(Photo via Vernell Brown III)
For Billy Napier and the Florida Gators football program, the 2025 recruiting class was pretty slow out of the gate, triggering some alarm bells. In mid-June, the Gators’ class stood at just four commitments, with only two of those being of blue-chip caliber (four-star or five star). As a result, Florida was barely even in the top 100 of the 247Sports Composite rankings 30 days ago.
But then, Napier & Co. got the ball rolling: a quartet of commitments to end June created some momentum. The Gators then built off that momentum by completing the flip of four-star linebacker Myles Johnson from Alabama on July 10. And now, the Gators have made national recruiting news by landing five-star wide receiver Vernell Brown III– an elite prospect that every school in the country would have loved to have landed.

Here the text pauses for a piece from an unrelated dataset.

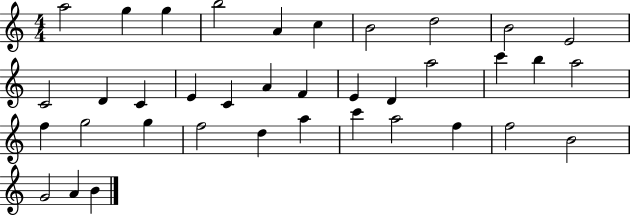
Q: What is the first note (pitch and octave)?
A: A5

Vernell Brown announced his decision to play for Florida today, giving the Gators a seismic head to head recruiting win over both in-state rivals Miami and FSU as well as perennial power Ohio State. In doing so, he instantly becomes the centerpiece of the Gators’ 2025 class.
Brown, who both the On3 Industry rankings and the 247Sports Composite rankings agree is one of the top 40 prospects in the entire 2025 class, is the son of former Florida cornerback– and more recently, senior director of player development– Vernell Brown II. The fact that he’s a legacy is fun, and makes for a nice story, but listening to Brown talk, it didn’t seem to help that much in terms of Florida landing him. The younger Brown– who boasts a 4.91 GPA– has repeatedly stated he wants to attend a school that will develop him as an individual off the field as well as an athlete on the field. And, well, Florida is pretty universally regarded as a school that fits that criteria.
Good thing for the Gators that Brown is such a versatile and ambitious young man, because they just got one hell of a talent.
You can watch his high school highlight tape here.
You might guess he runs track from watching that highlight reel, and you’d be correct. That footwork and explosiveness integrate seamlessly between track and football, and it makes for a nightmare for opponents. He’s not the biggest pass-catcher you’ll find, standing 5’11 and 170, but if he bulks up a little over the next 13 months, he’s a plug-and-play piece at slot receiver for the next three years. A lot of his movements are reminiscent of we saw from his future fellow slot receiver Tre Wilson in high school, but with possibly even more incendiary make-you-miss moves.
There’s a correct way to use a guy like Vernell Brown, and it’s not by throwing fade routes or asking him to make contested catches. If he develops that skill set, great, but as of now, he’s the guy you just want to funnel the ball to in open space and get some blocks for, which can turn a three-yard gain into a thirty-yard gain in the blink of an eye. He’s so difficult to run routes with as a defender because of his explosiveness coming out of the break, and then he’s equally difficult to tackle when he has the ball for the same reason.
Florida’s class is still nowhere close to where it needs to be– a pretty obvious sentiment when you simply look at the number of commits– but now there’s clearly some momentum being developed. Even with the addition of Brown, Florida still ranks outside the top 50 in the 247Sports Composite recruiting rankings, but they’re also some 40 spots higher now than they were a month ago. And because talent attracts talent, all Florida needed was a little momentum to get the ball rolling to pave the way for a future surge.
The question now reverts back to the same question Florida fans have been asking for three years: can the Gators win games in the fall? Because there’s no better way to attract recruits than that.